In The Mountains Sing, Nguyễn Phan Quế Mai weaves a story about 20th-century Việt Nam spanning four generations—from the Japanese occupation and the Great Hunger in the 1930s and 40s to the brutal Land Reform, and the Việt Nam war and its aftermath in the 1980s. The chapters alternate between two main characters the grandmother and granddaughter, as one looks back at the past and the sacrifices she has had to make to keep her family alive, and the other looks towards the future, and the hope of a life without hostility. 

Hương is a teenager living with her young grandmother, Diệu Lan, during the early 1970s. Her parents, as well as her aunts and uncles, have set off to the Hồ Chí Minh trail to join the war efforts and haven’t been back for several years. As the two women seek refuge from bombs and then rebuild their life in Hà Nội, Diệu Lan tells her granddaughter her story, how she went from a being young woman in a prosperous farming family, to trying desperately to be reunited with her children who are scattered all over the war-torn country.  Diệu Lan is a tenacious woman who proves time and time again to be a survivor as she rebuilds her life countless times with resourcefulness and self-reliance, always fleeing conflict.
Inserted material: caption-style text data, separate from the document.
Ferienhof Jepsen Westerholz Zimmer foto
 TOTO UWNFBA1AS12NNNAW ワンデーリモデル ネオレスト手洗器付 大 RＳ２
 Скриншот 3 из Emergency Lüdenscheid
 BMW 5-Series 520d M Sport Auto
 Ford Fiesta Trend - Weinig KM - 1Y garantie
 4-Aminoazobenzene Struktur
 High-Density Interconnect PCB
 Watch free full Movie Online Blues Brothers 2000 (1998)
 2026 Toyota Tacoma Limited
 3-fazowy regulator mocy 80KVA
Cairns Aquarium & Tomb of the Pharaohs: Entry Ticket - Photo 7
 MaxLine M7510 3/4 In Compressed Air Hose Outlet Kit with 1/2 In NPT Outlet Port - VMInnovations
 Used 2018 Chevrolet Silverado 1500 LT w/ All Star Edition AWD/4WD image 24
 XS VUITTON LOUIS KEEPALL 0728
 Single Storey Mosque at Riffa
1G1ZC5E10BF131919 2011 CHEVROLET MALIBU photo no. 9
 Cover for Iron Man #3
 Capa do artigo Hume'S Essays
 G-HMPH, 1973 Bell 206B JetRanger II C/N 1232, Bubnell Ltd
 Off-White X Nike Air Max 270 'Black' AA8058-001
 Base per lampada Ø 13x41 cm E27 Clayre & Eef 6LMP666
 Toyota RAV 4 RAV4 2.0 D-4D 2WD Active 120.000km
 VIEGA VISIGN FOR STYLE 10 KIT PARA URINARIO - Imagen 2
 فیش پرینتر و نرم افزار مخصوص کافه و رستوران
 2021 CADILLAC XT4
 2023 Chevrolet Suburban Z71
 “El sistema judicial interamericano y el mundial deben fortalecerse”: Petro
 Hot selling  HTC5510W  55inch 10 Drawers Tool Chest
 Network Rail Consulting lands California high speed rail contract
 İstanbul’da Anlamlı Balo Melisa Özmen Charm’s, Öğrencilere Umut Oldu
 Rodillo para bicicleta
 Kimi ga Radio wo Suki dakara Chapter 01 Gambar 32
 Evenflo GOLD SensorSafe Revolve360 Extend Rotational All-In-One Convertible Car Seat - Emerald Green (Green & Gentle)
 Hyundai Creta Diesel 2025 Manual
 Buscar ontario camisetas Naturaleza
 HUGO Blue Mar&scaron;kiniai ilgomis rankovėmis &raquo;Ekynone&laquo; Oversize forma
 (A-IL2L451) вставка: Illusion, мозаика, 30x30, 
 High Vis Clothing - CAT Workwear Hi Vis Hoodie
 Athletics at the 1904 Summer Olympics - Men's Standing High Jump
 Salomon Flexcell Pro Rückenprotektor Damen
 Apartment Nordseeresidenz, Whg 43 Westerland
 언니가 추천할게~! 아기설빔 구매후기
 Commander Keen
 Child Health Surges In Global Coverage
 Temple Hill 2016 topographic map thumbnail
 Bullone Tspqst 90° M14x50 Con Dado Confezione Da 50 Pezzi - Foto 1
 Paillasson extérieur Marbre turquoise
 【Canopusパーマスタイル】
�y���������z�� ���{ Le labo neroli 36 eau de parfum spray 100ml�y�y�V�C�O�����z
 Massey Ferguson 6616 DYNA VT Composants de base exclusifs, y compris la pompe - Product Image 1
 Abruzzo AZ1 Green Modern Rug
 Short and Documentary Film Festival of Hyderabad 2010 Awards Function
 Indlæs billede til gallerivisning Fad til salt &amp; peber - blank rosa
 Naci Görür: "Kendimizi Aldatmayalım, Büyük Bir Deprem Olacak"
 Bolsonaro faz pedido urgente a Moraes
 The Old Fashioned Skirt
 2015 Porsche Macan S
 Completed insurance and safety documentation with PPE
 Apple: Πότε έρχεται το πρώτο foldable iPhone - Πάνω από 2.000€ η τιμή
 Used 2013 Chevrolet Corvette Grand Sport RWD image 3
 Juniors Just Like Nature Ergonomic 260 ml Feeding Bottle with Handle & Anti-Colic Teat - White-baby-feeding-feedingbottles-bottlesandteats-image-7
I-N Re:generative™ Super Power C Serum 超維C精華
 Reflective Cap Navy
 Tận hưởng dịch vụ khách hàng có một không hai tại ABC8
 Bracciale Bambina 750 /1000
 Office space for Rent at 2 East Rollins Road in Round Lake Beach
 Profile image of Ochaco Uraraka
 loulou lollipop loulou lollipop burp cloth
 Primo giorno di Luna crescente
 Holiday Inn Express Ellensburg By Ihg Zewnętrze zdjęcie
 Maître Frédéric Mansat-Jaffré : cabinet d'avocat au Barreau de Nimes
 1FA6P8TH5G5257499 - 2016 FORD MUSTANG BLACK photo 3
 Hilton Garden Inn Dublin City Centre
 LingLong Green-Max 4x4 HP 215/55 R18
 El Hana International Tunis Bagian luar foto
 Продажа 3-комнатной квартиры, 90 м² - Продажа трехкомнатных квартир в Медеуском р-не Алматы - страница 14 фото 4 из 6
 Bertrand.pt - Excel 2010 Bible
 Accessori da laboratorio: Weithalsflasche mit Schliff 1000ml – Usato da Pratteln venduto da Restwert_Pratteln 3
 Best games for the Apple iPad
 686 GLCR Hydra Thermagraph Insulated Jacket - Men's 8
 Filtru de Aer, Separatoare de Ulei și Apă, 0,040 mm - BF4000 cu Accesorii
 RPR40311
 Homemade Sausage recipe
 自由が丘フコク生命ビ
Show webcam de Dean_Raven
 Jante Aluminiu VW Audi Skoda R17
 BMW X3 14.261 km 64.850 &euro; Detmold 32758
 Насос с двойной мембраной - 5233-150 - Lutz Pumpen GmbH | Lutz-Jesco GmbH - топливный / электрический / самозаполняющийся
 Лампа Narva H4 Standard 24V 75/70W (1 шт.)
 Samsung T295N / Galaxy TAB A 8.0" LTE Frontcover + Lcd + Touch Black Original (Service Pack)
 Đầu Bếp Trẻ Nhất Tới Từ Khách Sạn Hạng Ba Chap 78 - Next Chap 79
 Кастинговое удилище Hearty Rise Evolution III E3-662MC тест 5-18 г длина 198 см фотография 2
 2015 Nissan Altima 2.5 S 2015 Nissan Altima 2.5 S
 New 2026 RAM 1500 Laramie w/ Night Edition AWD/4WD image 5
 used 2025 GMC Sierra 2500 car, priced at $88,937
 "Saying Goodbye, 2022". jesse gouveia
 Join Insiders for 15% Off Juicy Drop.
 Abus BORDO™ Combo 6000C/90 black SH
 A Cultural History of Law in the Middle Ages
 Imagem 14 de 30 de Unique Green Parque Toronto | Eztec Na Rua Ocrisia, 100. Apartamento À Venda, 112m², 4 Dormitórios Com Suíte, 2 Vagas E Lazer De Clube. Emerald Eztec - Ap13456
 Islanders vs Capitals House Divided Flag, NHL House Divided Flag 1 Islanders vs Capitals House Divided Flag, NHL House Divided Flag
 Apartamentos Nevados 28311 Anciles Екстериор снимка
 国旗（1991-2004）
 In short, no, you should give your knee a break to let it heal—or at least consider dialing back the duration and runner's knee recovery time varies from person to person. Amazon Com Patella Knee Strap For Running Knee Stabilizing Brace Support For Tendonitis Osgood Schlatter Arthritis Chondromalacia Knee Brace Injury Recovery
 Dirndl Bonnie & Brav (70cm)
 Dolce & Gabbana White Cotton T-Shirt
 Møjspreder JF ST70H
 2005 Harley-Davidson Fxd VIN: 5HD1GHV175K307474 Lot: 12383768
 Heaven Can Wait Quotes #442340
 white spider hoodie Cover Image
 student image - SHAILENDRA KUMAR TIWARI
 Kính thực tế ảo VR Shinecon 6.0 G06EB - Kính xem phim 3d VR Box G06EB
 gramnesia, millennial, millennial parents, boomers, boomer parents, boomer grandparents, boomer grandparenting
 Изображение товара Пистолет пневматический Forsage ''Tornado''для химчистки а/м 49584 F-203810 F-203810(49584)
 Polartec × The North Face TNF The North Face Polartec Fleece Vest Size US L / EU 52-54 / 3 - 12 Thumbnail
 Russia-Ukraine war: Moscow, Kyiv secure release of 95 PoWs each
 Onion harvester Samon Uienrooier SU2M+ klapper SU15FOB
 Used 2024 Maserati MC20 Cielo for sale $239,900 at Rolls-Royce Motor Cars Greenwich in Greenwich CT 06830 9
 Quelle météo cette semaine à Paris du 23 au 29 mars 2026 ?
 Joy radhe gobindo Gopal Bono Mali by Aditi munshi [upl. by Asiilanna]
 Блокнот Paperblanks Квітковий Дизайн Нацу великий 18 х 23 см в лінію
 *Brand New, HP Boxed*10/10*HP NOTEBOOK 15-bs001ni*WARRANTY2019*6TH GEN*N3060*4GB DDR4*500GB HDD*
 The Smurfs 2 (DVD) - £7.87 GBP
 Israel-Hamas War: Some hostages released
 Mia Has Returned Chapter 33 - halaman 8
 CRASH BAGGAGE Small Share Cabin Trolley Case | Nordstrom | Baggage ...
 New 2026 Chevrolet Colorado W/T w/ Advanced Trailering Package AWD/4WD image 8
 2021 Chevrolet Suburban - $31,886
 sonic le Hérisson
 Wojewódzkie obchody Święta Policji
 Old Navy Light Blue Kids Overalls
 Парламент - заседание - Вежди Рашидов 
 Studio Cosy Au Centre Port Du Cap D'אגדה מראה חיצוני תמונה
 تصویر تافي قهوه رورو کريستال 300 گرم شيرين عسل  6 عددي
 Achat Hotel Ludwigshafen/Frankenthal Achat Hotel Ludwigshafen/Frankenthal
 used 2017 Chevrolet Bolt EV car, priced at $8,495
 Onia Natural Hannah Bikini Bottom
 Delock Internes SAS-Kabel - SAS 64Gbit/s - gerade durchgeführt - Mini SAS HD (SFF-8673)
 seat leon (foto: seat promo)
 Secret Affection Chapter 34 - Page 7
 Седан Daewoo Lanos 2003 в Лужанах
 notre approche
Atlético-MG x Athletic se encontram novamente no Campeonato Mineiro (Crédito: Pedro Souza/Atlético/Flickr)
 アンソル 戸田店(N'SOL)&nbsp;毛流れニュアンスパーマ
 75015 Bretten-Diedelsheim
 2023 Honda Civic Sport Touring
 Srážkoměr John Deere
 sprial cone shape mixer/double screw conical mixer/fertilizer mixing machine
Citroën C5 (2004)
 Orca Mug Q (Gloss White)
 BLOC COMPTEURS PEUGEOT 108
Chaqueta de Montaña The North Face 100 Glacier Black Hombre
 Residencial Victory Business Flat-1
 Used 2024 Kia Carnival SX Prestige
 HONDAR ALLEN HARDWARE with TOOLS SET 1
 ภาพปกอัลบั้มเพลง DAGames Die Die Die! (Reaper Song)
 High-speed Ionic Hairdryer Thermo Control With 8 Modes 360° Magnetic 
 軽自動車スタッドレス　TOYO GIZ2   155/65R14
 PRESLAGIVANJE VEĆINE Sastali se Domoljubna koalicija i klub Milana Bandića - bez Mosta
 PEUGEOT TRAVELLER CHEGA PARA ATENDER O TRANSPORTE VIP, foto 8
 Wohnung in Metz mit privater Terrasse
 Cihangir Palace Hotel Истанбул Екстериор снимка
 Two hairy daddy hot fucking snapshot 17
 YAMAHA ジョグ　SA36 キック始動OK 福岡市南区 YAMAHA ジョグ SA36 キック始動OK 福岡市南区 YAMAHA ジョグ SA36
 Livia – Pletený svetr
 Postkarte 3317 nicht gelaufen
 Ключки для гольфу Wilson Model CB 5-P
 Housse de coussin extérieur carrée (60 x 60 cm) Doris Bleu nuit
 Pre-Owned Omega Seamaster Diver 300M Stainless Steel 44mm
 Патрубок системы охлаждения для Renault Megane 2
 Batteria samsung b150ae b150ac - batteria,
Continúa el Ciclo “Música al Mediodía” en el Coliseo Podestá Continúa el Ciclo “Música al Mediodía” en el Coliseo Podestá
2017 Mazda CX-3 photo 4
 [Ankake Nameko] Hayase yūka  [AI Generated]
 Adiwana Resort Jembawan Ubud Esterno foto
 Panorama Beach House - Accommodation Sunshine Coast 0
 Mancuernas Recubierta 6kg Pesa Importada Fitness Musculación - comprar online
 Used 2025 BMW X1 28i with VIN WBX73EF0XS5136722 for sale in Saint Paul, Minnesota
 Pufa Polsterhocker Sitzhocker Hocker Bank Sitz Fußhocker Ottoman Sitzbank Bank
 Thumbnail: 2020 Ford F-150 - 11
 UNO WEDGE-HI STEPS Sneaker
She protects her family fiercely, even when that means the possibility of leaving her children behind. Even in the middle of the war, her priority is Hương’s education: she gifts her illegal American literature and becomes a black-market trader to make money. 

Hương is a smart and curious girl coming of age in a time full of trials and tribulations. She is torn between the love and sorrow of missing her parents and the rage and incomprehension she feels at the war and what it has done to her family.

Over the years Hương and Diệu Lan are reunited with some of their family members, yet the reunion is troubled by scars that the war has left that run very deep. “Would the ghosts of war ever release us from their grip?” (p. 276) Hương asks herself. The divided family mirrors the divided country, at war with itself.

War stories are usually told by men, but through Diệu Lan and Hương’s points of view, we see how the conflicts have seeped into the very fabric of society. I must admit that my knowledge of the history of Việt Nam was mostly limited to what I had learned from American films about the war, where women are scarce, or if present, they are exoticized and victimized. Nguyễn reclaims the agency of women in this story with characters that defy the stereotype. 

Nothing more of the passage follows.